### DATASET RECORDS

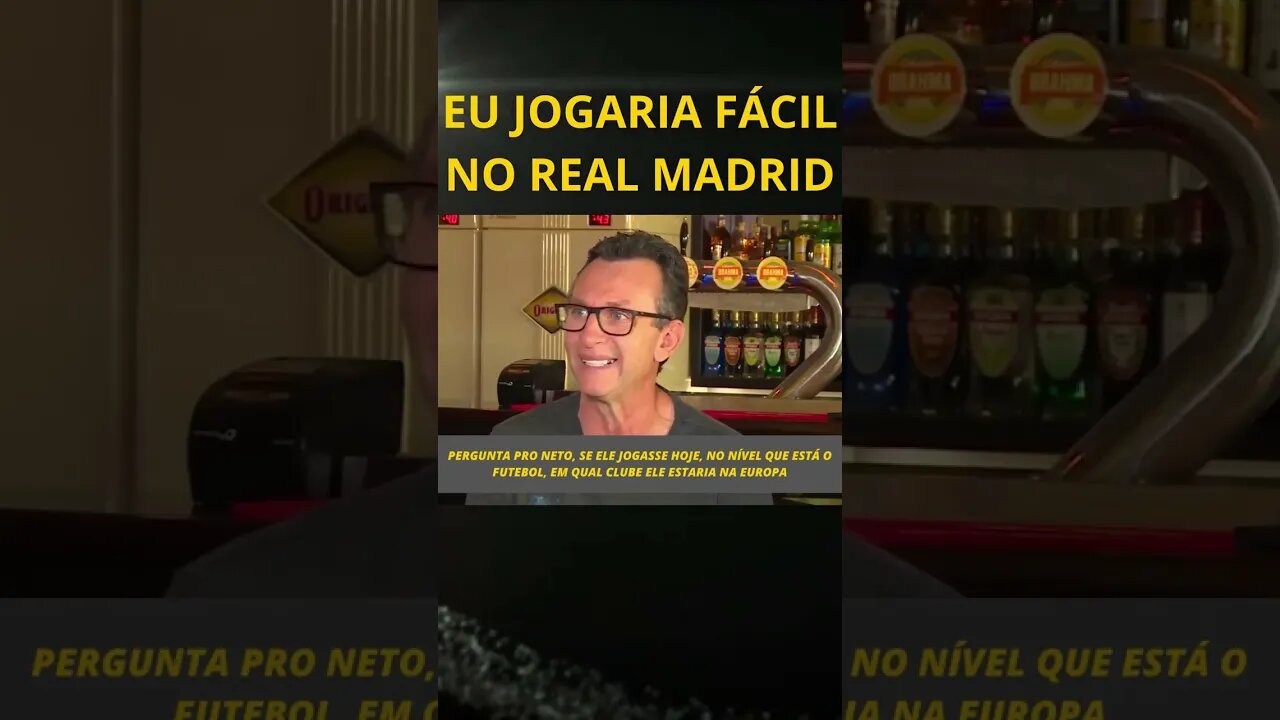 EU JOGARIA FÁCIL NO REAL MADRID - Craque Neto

---

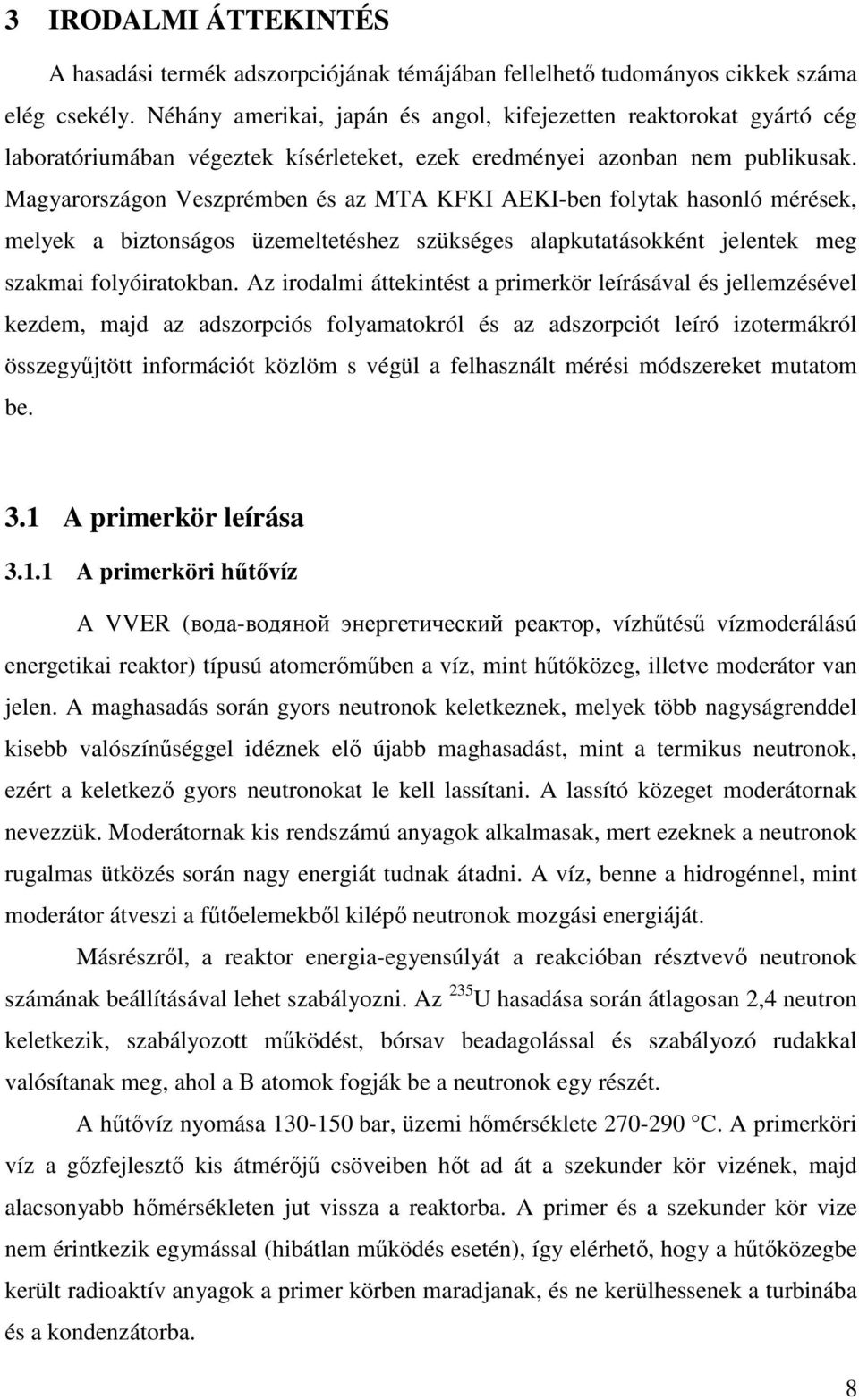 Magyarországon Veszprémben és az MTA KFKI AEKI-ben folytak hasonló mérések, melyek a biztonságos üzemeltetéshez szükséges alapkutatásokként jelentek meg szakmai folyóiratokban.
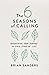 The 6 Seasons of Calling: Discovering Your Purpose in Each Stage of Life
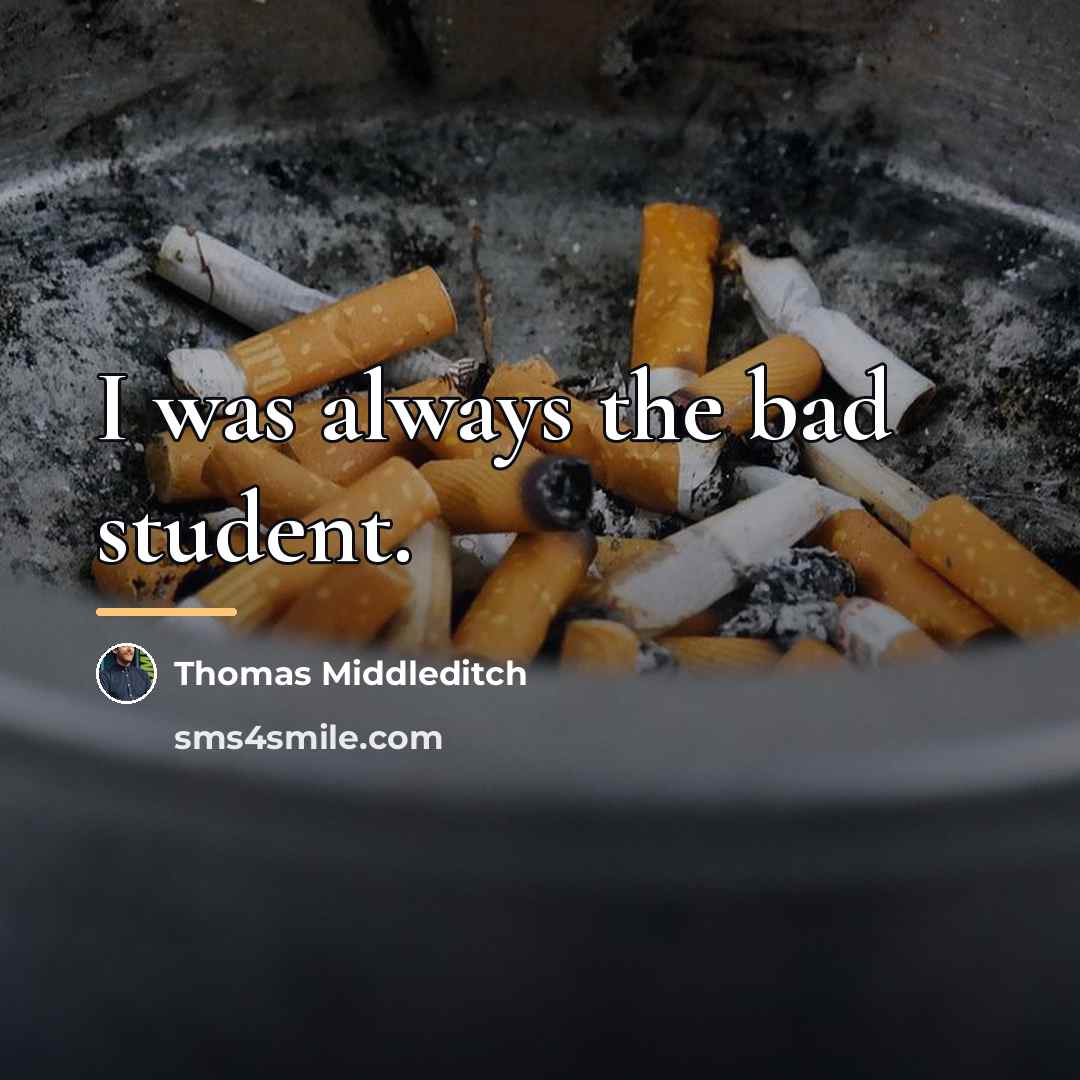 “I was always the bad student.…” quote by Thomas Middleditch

--

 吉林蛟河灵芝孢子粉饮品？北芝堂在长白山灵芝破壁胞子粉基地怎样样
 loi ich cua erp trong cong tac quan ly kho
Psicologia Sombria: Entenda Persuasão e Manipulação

### WHAT IS BEING ASKED
The reply should hold only the lines of the listing above starting at the line containing "吉林蛟河灵芝孢子粉饮品？北芝堂在长白山灵芝破壁胞子粉基地怎样样" and ending at the line containing "Psicologia Sombria: Entenda", exactly as written.

### TASK SOLUTION
 吉林蛟河灵芝孢子粉饮品？北芝堂在长白山灵芝破壁胞子粉基地怎样样
 loi ich cua erp trong cong tac quan ly kho
Psicologia Sombria: Entenda Persuasão e Manipulação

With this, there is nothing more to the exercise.